REQUIREMENT: Filter the entries below, keeping only lines with "Used".

(Short text fragments from websites)
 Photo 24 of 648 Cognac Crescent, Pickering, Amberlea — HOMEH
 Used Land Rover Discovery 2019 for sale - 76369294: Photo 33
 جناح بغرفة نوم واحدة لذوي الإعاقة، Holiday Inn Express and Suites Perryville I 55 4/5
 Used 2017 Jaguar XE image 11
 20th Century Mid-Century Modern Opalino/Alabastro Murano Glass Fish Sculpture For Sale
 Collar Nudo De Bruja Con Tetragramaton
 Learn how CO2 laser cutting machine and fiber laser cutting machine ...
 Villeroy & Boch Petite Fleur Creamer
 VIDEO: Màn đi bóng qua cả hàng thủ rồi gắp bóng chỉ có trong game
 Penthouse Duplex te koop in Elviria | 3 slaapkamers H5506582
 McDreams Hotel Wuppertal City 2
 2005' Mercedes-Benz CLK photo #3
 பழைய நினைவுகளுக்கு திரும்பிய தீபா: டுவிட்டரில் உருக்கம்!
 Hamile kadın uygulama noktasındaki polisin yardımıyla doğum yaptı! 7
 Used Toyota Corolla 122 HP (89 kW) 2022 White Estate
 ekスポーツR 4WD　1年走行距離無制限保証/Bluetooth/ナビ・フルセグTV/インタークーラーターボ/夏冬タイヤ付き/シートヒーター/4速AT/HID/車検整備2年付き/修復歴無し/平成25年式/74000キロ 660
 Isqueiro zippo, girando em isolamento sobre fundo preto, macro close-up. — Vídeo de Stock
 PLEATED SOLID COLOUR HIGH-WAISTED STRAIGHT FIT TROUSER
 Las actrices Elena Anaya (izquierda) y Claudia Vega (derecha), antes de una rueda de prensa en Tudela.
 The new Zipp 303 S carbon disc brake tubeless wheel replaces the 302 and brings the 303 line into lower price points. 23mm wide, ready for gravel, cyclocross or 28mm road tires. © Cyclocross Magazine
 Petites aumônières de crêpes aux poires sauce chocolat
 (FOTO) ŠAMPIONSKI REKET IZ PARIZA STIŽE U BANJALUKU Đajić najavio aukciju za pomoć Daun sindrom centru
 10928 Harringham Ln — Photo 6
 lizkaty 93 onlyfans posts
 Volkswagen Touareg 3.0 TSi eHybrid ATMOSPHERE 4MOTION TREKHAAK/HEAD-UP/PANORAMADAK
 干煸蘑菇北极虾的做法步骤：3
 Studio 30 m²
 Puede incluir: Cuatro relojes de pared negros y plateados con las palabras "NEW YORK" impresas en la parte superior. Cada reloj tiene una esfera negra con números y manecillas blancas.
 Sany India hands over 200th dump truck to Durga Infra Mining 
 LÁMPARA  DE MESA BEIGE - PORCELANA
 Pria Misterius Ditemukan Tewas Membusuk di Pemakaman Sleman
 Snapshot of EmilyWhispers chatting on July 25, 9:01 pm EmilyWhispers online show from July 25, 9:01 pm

ANSWER TO THIS EXERCISE:
 Used Land Rover Discovery 2019 for sale - 76369294: Photo 33
 Used 2017 Jaguar XE image 11
 Used Toyota Corolla 122 HP (89 kW) 2022 White Estate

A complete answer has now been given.